The Middle East can expect days of Israeli attacks on Iran as it conducts a “brutal and methodical” assault to ensure it sets back the nuclear programme by many years, military experts have told The National.
After Iran's military leadership has been largely decapitated in surgical air strikes it currently appears toothless in its ability to respond to the unprecedented attack on the six-decade-old theocracy.
But if it is to retaliate it needs to do so almost immediately as its military infrastructure was “being [eliminated] at such rate that there will soon be little left,” said former British military intelligence officer, Frank Ledwidge.
A defence source added that the Israelis were going through “an enormous bank of targets that they've started with the highest level” and would now “go through them in an orderly fashion”.
It is also becoming evident that Iran’s apparently strong air defences have proven ineffective and could very soon be wiped out by Israeli attacks.
“We are taking out their aerial defence system so we can operate more freely against their nuclear programme and against their military targets,” the Israeli military official added. “Dozens of radars and surface to air missile launchers have been destroyed.”
Nuclear dark ages
The key focus of attack will be Iran’s nuclear facilities with Israeli intelligence stating that Tehran now had enough enriched uranium to rapidly make 15 nuclear bombs.
While Israel does not have America’s GBU-57 13,600kg bunker buster bombs it does possess large but smaller GBU-28 1,800kg bombs thought to have been used in the assassination of Hezbollah leader Hassan Nasrallah in September.
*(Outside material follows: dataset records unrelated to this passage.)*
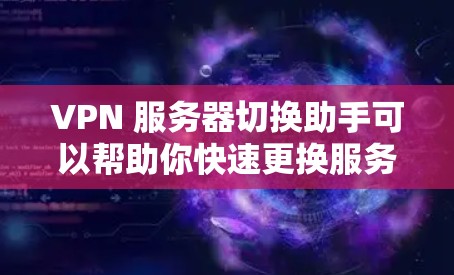 VPN 服务器切换助手可以帮助你快速更换服务器，节省时间和精力。以下是一些推荐的VPN服务器切换助手，并详细介绍它们的功能和使用方法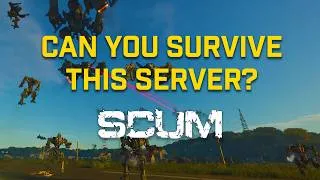 Thumbnail: Here's Why You Need To Play SCUMs Hardest Server | Scumbags Official Server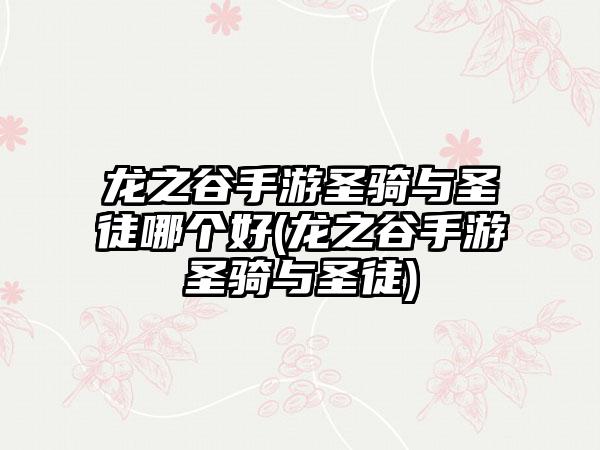 龙之谷手游圣骑与圣徒哪个好(龙之谷手游圣骑与圣徒)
With his command bunker buried deep below a Beirut apartment block, Israel deployed a number of the large bombs creating geometric patterns to penetrate deep.
Without US bombers, that could be the tactic Israel uses against Iran’s key nuclear sites such as Natanz and Fordow in order to eradicate its nuclear bomb making capability.
That will be the bombing campaign’s priority, said Richard Pater, director of the Anglo-Israeli Bicom think tank.
“The key question is that now embarked on this campaign, how many years are you going to be set be setting back Iran’s nuclear programme back as it had better be a long time,” he said.
“Everyone understands that the Iranian desire for revenge is going to be at a peak, so Israel had better do this thoroughly.”
Israel remains silent about whether its action will result in regime change but it is likely that it will want to remove the leadership that has sacrificed so much in search of its nuclear goal.

Retaliation options
Following Israel’s 18 months of fighting since October 7 attacks, Iran’s biggest deterrent against a backlash, Hezbollah, has been severely depleted and on Friday was only able to issue a benign statement that made no reference to military action.
Other proxies are unlikely to mount serious attacks, although there are concerns that that Houthis in Yemen might be able to up their near daily rocket attack with ballistic missiles, one of which came close to hitting Ben Gurion airport last month.
It now will take a few days for Iran to re-establish command and control over its armed forces after senior commanders were killed and once achieved, they may well have a limited revenge arsenal.
While 100 drones were fired towards Israel soon after Friday’s operation began, it appears that few made the eight or nine hour journey to their destination with most shot down.
That is because Israel now has a triple-layered air defence system that can take out drones, cruise as well as ballistic missiles.
Iran’s massed missile and drone attack last October only managed to kill a single Palestinian and damage an airfield.
That leaves the regime’s only other option of asymmetric warfare of using specialist teams such as Unit 840 to conduct terror attacks at Israeli establishments overseas.
But that will require direction and planning from the top, and Iran’s leadership appears under the unprecedented stress of having many of its generals removed from the battlefield.

Ineffectual Iran?
Defence analysts believe the air campaign could continue for a week, perhaps two to “degrade every aspect of the Iranian military command, control and executive function,” said Mr Ledwidge. “Today is just a start.”
“But the Iranians can't afford to wait a week to respond because they're going to be attrited now at a very high rate,’ he added.
Subsequently Iran’s internal communications have been seriously disrupted with the deaths the equivalent of Britain’s PJHQ (permanent joint headquarters), Ministry of Defence and head of military all being wiped out on one day, he said.
“Our mission is very clear, to remove an existential threat,” an Israeli military official told The National.
With Iran possessing a considerable stock of ballistic missiles – although their effectiveness is in question – Israel has made a point of attacking its launchers, including inserting a Mossad team, that was potentially local recruited, into Iran for direct strikes.

“We know they have hundreds of ballistic missiles ready to fire towards Israel,” the military official said. “We were able to in our actions this morning to weaken their chain of command, and carry out pre-emptive strikes against ballistic missiles.”
Ultimately the bombing campaign could see a “new Middle East” in the long term, said Dr Efrat Sopher, an Iranian foreign policy analyst.
“The immediate future is very worrying with the Iranian regime causing so much instability with all its tentacles but now removing the head of the octopus I believe will bring about a more a more stable international system and peace through prosperity,” she added.